■ **Problem requirements**:
Using the data below, restate exactly every line from the one with "16 38/53 inches on a tape measure" up to and including the one with "Giày lolita đê". No picture belongs in it.

■ **Data supplied**:
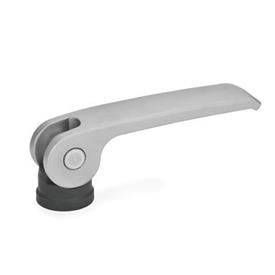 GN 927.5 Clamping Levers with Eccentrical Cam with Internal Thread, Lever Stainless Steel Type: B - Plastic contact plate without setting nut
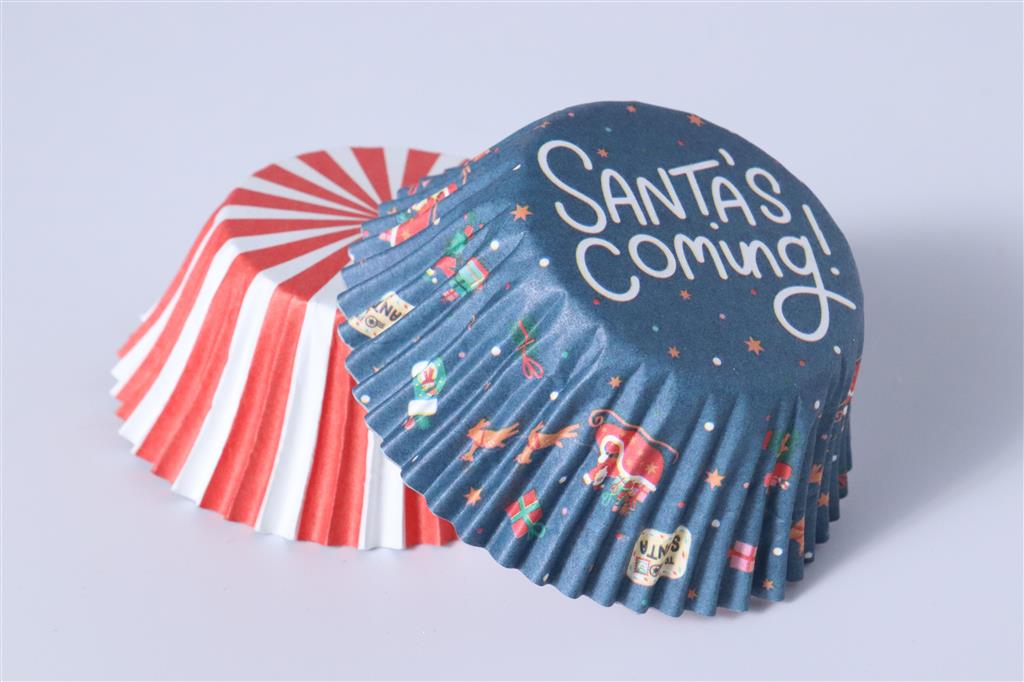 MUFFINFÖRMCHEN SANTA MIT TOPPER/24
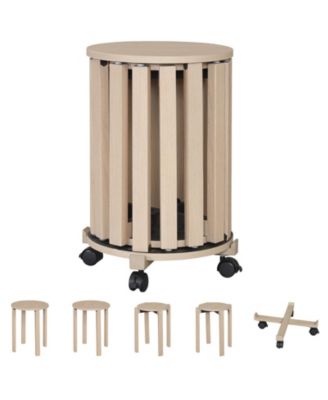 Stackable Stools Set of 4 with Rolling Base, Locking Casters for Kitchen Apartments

---

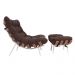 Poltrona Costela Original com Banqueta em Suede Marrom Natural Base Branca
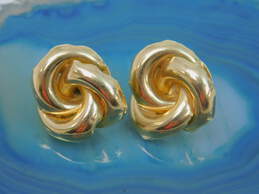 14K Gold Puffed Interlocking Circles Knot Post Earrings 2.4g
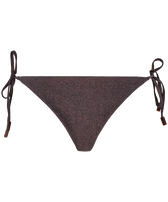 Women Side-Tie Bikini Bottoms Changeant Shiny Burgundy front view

---

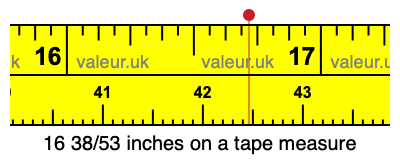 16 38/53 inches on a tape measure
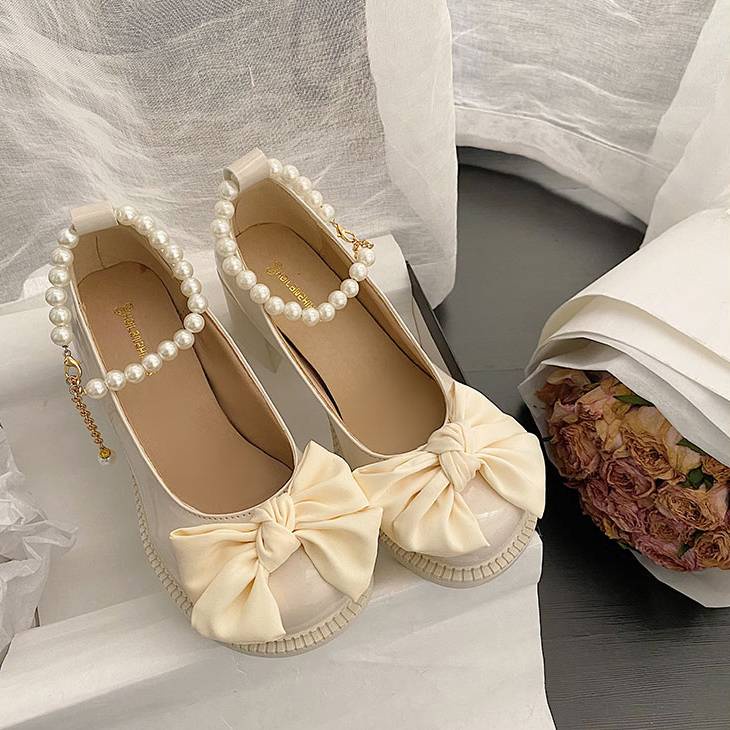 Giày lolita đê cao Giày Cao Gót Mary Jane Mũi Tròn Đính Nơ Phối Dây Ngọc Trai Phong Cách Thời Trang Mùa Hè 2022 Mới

■ **Solution below**:
 16 38/53 inches on a tape measure
 Giày lolita đê cao Giày Cao Gót Mary Jane Mũi Tròn Đính Nơ Phối Dây Ngọc Trai Phong Cách Thời Trang Mùa Hè 2022 Mới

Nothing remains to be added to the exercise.